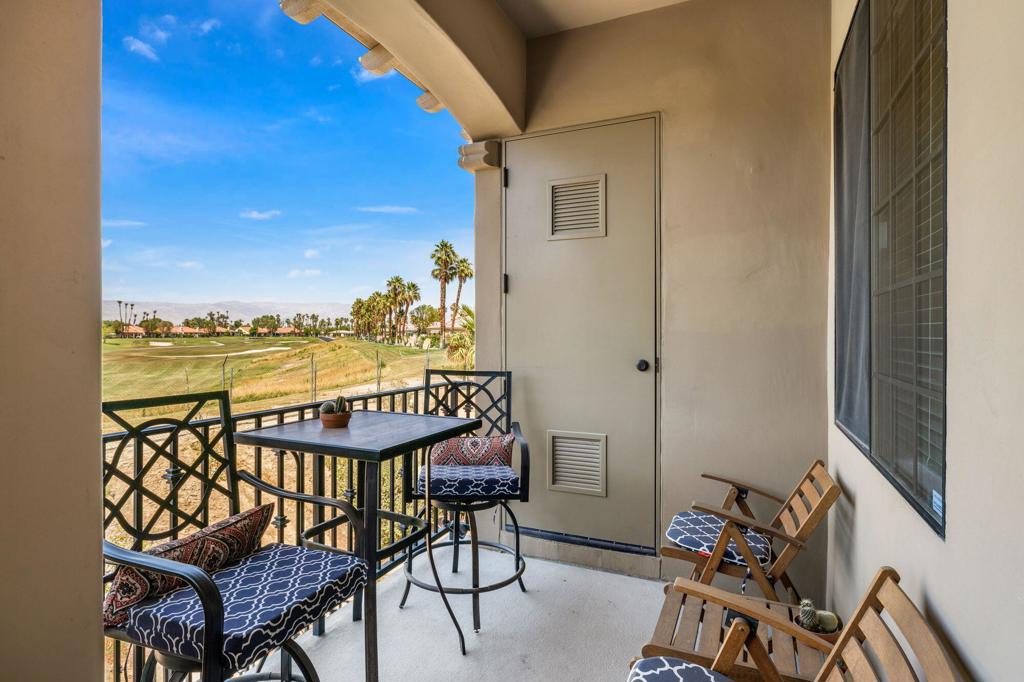 50610 Santa Rosa Plaza 7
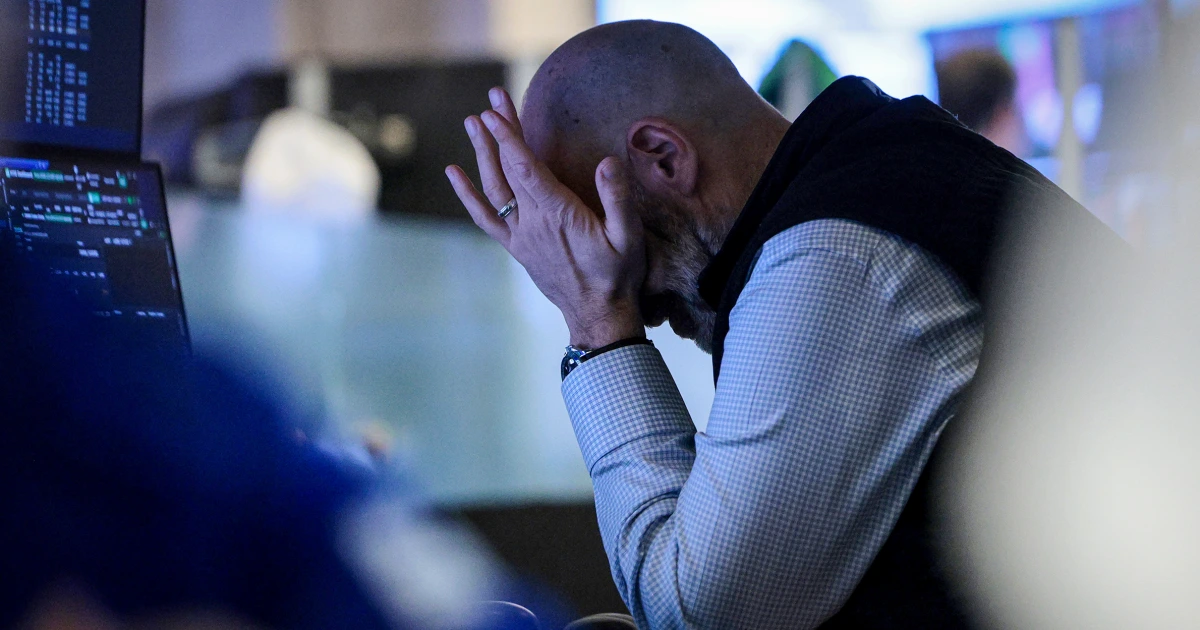 Markets fall and US oil hits $100 as Trump fails to reassure Wall Street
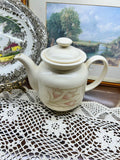 Vintage Biltons “Spring bouquet” teapot — Stoneware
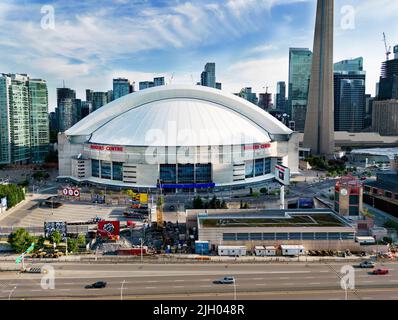 10 juillet 2022, Toronto Ontario Canada. Rogers Centre, domicile de l'antenne Blue Jays de Toronto, est vide tôt le matin. Luke Durda/Alamy Banque D'Images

--------------------------------------------------

Task details
Everything in the data above, apart from the pictures, should be retyped exactly.

Response box
 50610 Santa Rosa Plaza 7
 Markets fall and US oil hits $100 as Trump fails to reassure Wall Street
 Vintage Biltons “Spring bouquet” teapot — Stoneware
 10 juillet 2022, Toronto Ontario Canada. Rogers Centre, domicile de l'antenne Blue Jays de Toronto, est vide tôt le matin. Luke Durda/Alamy Banque D'Images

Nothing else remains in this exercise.